Art has been traded as an investment for years even if never fully accepted by banks as investment grade against which any were prepared to lend money other than in special circumstances a few private banks. This always seemed silly to me as lending up to 25% of the auction house value of works by household name artists always seemed a safe bet to me. High risers other than the creme de la creme of the classics have been post-WWII American Expressionists, Pop Art (e.g. Warhol) and contemporary Pop Art that is often mistakenly called conceptual (e.g. Hirst who sold $178m this year of which $111m at auction) and Kitsch Art (e.g. Koons, $47m this year in sales) and Asian derivatives (e.g. Chinese). Both Hirst and Koons are reputedly $billionaires and they are not the only ones; so too are many collectors and more than a handful of gallerists. For years it has been possible to follow price trends, do charting and detect buy and sell signals for thousands of artists and millions of works of all kinds. The two artists with the biggest number of shows a year (over 350) are Beuys and Warhol (both 20 years dead). In Beuys' case (he being the most complex and multifaceted of all artists since Da Vinci) his total oeuvre is worth some $6bn+ but most of it by value lies in large public and a few private collections. The total capitalisation value of investment grade art is undoubtedly somewhere in the low $trillions with 90% locked up in museum collections. In Switzerland alone this decade some $5bn is being inherited by the next generation of collectors. There is money in them thar hills but only for the most intrepid; not many can become a Saatchi or a Count Panza or a Guggenheim, or a Mrs Richard Fuld.

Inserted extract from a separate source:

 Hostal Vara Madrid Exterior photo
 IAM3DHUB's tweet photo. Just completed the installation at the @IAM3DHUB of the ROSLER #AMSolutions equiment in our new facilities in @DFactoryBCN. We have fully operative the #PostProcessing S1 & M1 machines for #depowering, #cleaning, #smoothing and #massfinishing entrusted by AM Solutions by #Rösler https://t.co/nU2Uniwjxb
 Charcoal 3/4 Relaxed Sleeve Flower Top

The Intrade contracts start trading tomorrow. The move is said to be part of the trend, if a bit late in the day, for art to be viewed as an asset class with the development of art funds and art prices indices. Art funds have been around for a long time and some beauties are about to be unloaded in the auction rooms. It is a luxury and illiquid market however that is very sensitive to only the last prices for directly comparable items at the last auction. This is an asset class with a myriad of sub-classes - hard to commoditise and standardise. Like property it tends to be a long term play except in brief periods of market hype - usually when somewhere in the world there is a sudden production of nouveaux riches. When the dot-com bubble burst in 20021, the art market cried collectively as $billions in stock options that would have been converted and spent in the world's art markets suddenly were worthless. The fact is this can also happen to the art if you borrow heavily to buy it and can't afford to wait for years for prices to recover after a fall.
I've often advocated that artists and galleries whose revenues are volatile should issue bonds when they sell artworks offering to buy them back for a certain price in 10 years thereby doing two things, avoiding tax and putting some certainty into the market.
Chad (hanging) Rigetti, VP Bus. Dev. at Intrade, said: “The idea to create a price-transparent, liquid tradable art-based derivative occurred to me after reading about hedge fund billionaire Kenneth Griffin’s purchase of Jasper Johns’ ‘False Start’ for $80m in the fall of 2006 ... Creating a product that would bridge two circles – collectors and financiers – seemed obvious.” Haha - a ptltab deriv. might work since it is not cash market invested which would be beyond most people's wallets. He said investment strategies had become increasingly quantitative, and at the same time high-end art was being bought by people who had made money from such strategies. He thought these people would be natural candidates to buy art futures contracts. Of course, why not; Quantity over quality has got to work every time. “There has been an influx of financially savvy and technically savvy investors, which has led to the demand for this type of instrument,” he said. Yes, but where's the pleasure in hanging a derivative instrument on the wall that is not signed by the artist?